### Task prompt
Only the lines of the listing below that run from the line with "structure of CAS#" through the line with "Kem tẩy tế bào" are to be set down, word for word. Pictures stay out.

### Data extract
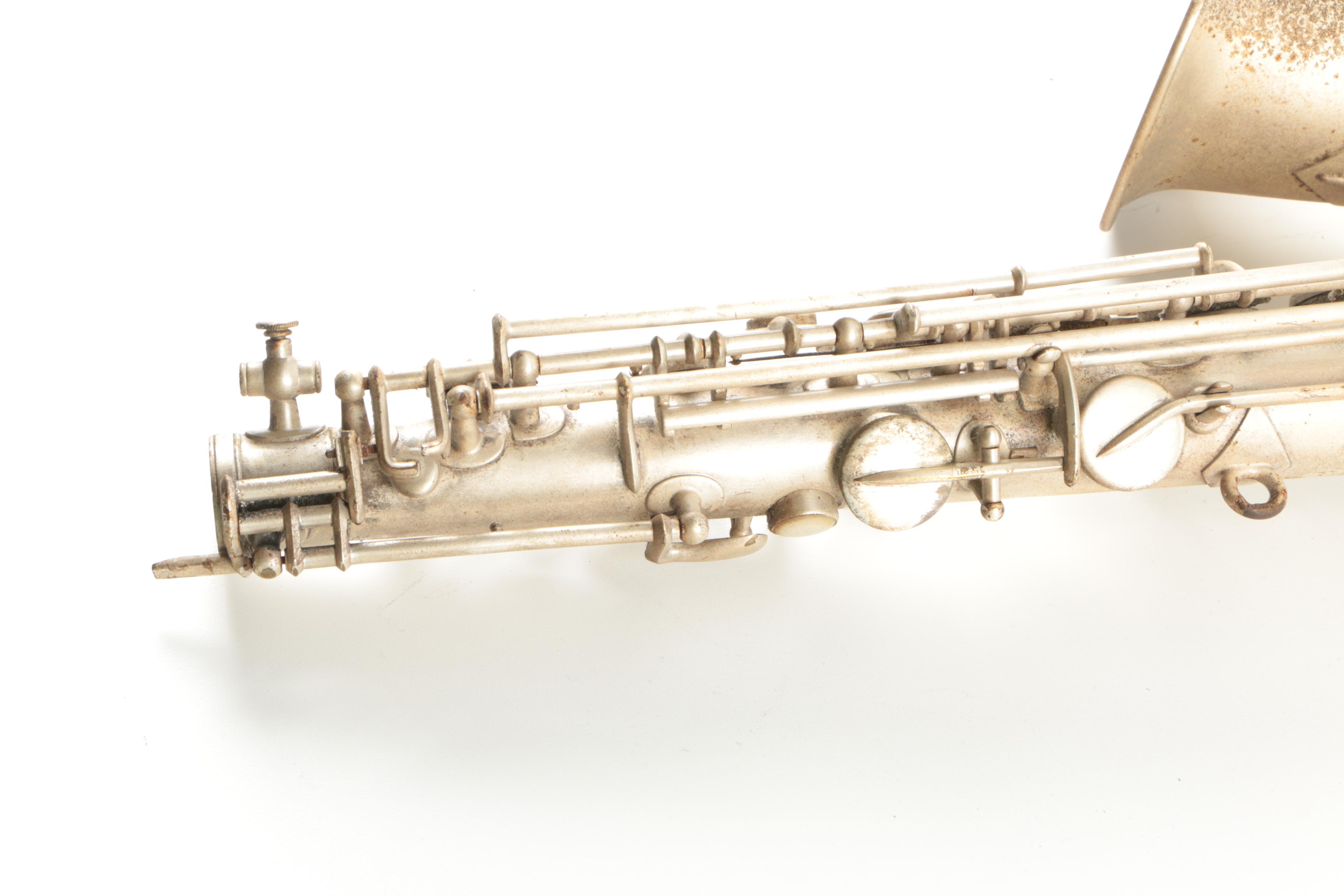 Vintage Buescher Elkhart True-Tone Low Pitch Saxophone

---

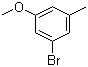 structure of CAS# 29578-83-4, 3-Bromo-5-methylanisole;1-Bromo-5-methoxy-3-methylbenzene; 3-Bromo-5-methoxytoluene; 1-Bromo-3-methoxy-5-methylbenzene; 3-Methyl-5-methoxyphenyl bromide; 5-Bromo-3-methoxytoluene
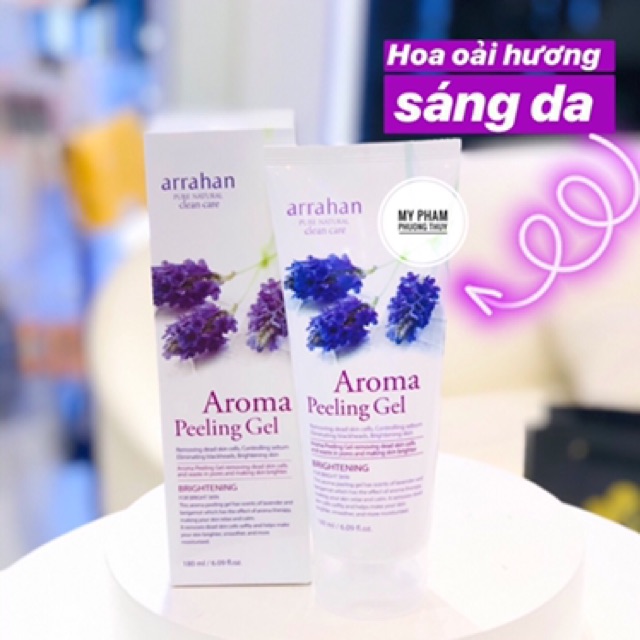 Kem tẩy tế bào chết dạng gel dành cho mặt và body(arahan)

---

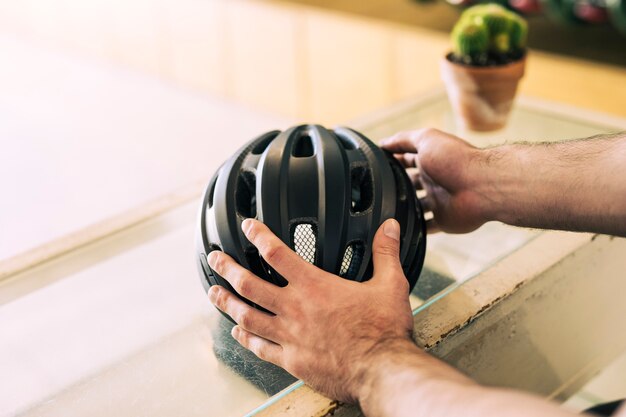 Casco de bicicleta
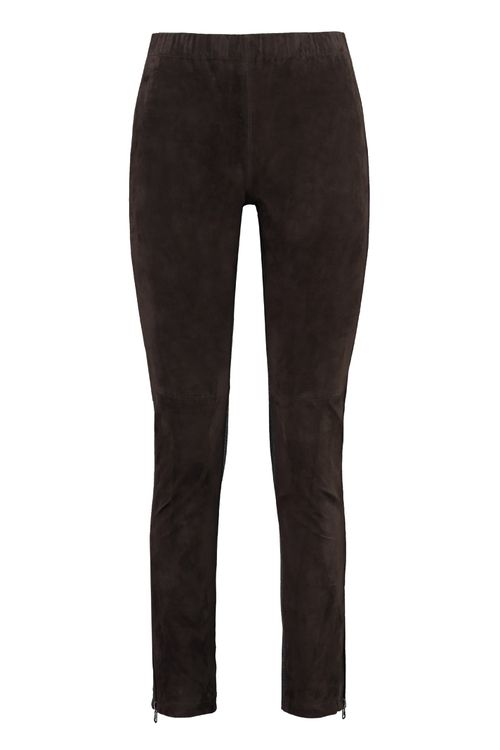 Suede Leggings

### Output for this task
 structure of CAS# 29578-83-4, 3-Bromo-5-methylanisole;1-Bromo-5-methoxy-3-methylbenzene; 3-Bromo-5-methoxytoluene; 1-Bromo-3-methoxy-5-methylbenzene; 3-Methyl-5-methoxyphenyl bromide; 5-Bromo-3-methoxytoluene
 Kem tẩy tế bào chết dạng gel dành cho mặt và body(arahan)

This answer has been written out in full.